Truth in advertising
The latest press release on Montana lottery winners contained this oh-too-true error:
The Montana Lottery was created by referendum in 1986. In 25 years, it has paid more than $435 million in prizes and returned more than $197 to the State of Montana.
Spam gets ugly
Spam in recent months has taken an uglier turn. Instead of all those “dearly beloved” Nigerian emails I used to get, which made me sound like the most trustworthy guy on the planet, spam more often these days takes a hectoring tone: my electronic payment has been rejected; a complaint has been filed against my business; the IRS wants to collect back taxes, and so on. It’s enough to make a fellow lose faith in the scammers of the world.
But one that arrived about a dozen times last week had a certain charm.
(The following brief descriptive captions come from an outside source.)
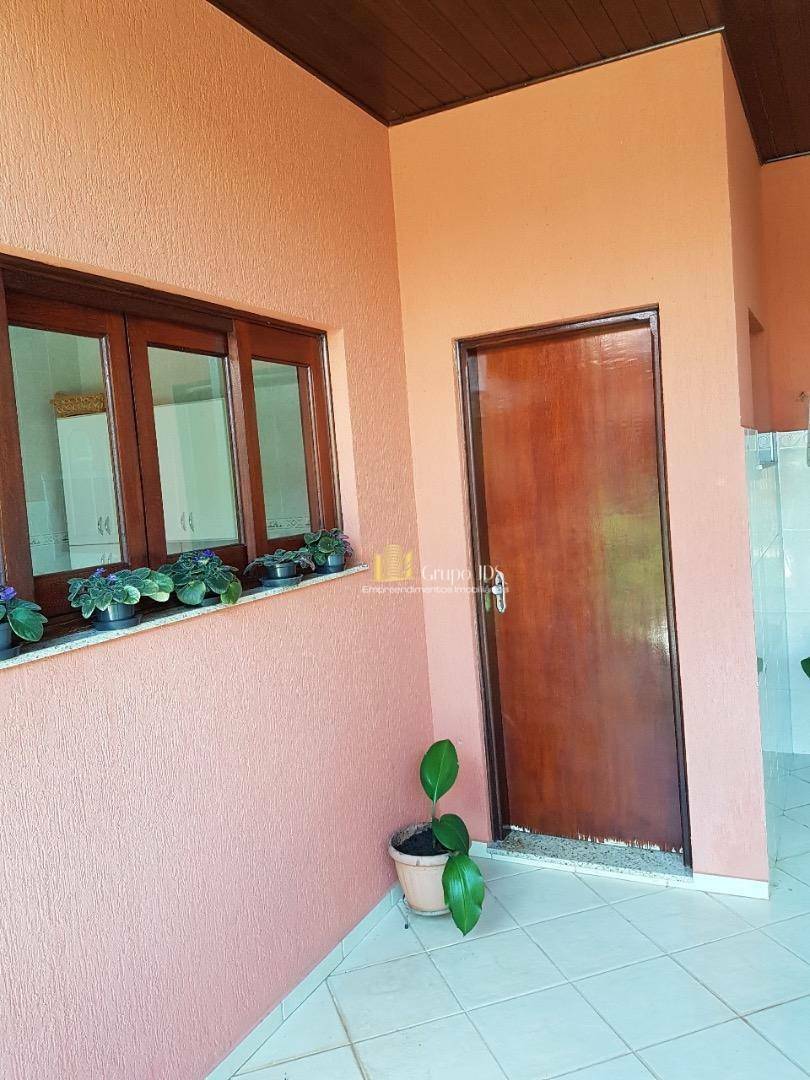 Casa à venda com 4 quartos, 380m² - Foto 25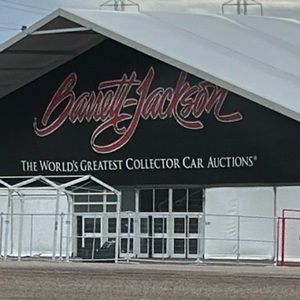 NWOT Barrett-Jackson Auto Large Carry/Trunk Bag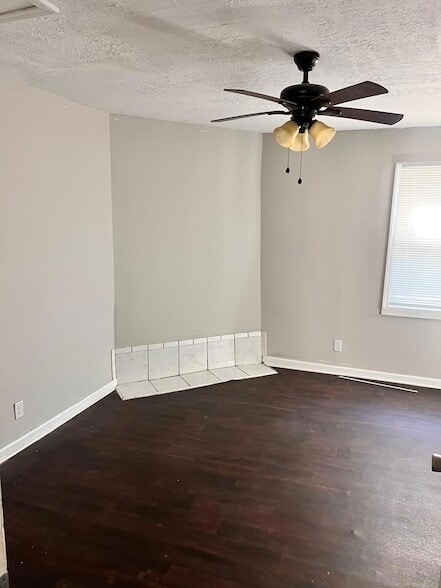 Building Photo - 1621 12th St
Here’s one version:
The Better Business Bureau has been recorded the above said reclamation from one of your users with reference to their business relations with you. The detailed description of the consumer’s anxiety are available at the link below. Please give attention to this matter and notify us about your opinion as soon as possible.
We graciously ask you to open the APPEAL REPORT to respond on this appeal.
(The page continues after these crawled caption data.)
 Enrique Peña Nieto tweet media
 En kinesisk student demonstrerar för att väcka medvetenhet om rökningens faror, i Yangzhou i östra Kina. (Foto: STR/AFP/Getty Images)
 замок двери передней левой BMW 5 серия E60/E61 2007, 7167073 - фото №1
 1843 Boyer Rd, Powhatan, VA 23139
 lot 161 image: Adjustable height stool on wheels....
We awaits to your prompt rebound.
Faithfully yours
Alexis Butler
Dispute Councilor
Better Business Bureau
The others are all slight variations, with the same basic wording but odd word changes. In one version, the customer’s “anxiety” becomes “disturbance.” In others, it becomes “trouble” or “concern” or “worry.” Instead of being “graciously” asked, in some emails I am asked “politely” or “pleasantly” or “kindly” or “amiably.” It must have Amateur Translators Week.
But I must be off. They awaits to my prompt rebound.
In the saddle
With no more papers to grade or Herman Melville lectures to deliver, the Outpost editor cranks out a lonely column.
Talk radio update
In addition to the insanely busy schedule I had this fall, I just haven’t felt much incentive to do talk radio blogging lately. There’s just nothing there.
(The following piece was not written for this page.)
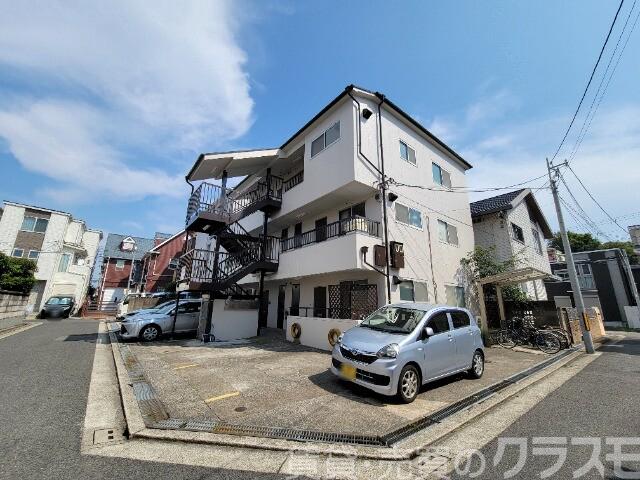 19/26 駐車場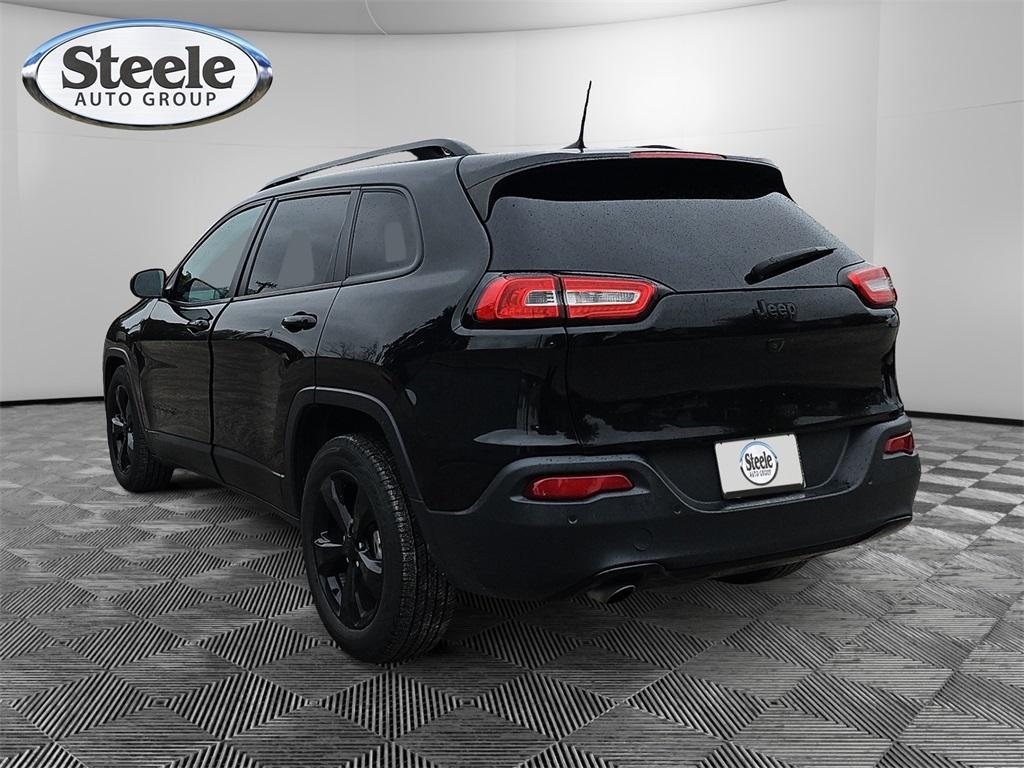 used 2016 Jeep Cherokee car, priced at $12,895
Mike Huckabee is the biggest disappointment. Before he got a radio show, my take on him was pretty simple: a nice guy who has shown nothing to make me think he would be a good president. Now it’s this: not all that nice a guy who has shown nothing to make me think he would be a good radio host.
Really, has the man ever in his life had even one thought that didn’t absolutely conform with conventional Republican thinking? At least Limbaugh will say crazy stuff at times, which makes his show a tad unpredictable. Hannity never has an unconventional (perhaps the adjective is superfluous?) thought, but at least he likes to argue with liberals on occasion.
Huckabee has nothing. He’s boring, predictable and saccharine. On the rare occasions when he accidentally books an interesting guest, he is so determined to hold everything to a single segment that he never gets even six inches below the surface.
He is no better when he veers away from politics. He interviewed a band member of Chicago recently, and the entire interview consisted solely of variations on a single question: Did you know that I think you guys are great?
So it’s a grim world in talk radio land. Glenn Beck is just too far out there to listen to anymore. Michael Smerconish is still a model of fairness, but I can’t warm to the guy. The intolerable Michael Savage has finally been replaced by Jerry Doyle, a move that had to be an improvement. Doyle, to his credit, will take on Republicans as willingly as he takes on Democrats, but his standard libertarian rhetoric wears thin fast. Yesterday, he did a whole segment whose sole point seemed to be that people with food allergies are whiners, fakers and losers. And that was a “Best of Jerry Doyle” segment.
NPR’s three hours of Thursday afternoon jazz is sounding better all of the time.
Religious differences
Bumper sticker of the day: “My other wife is a Mormon.”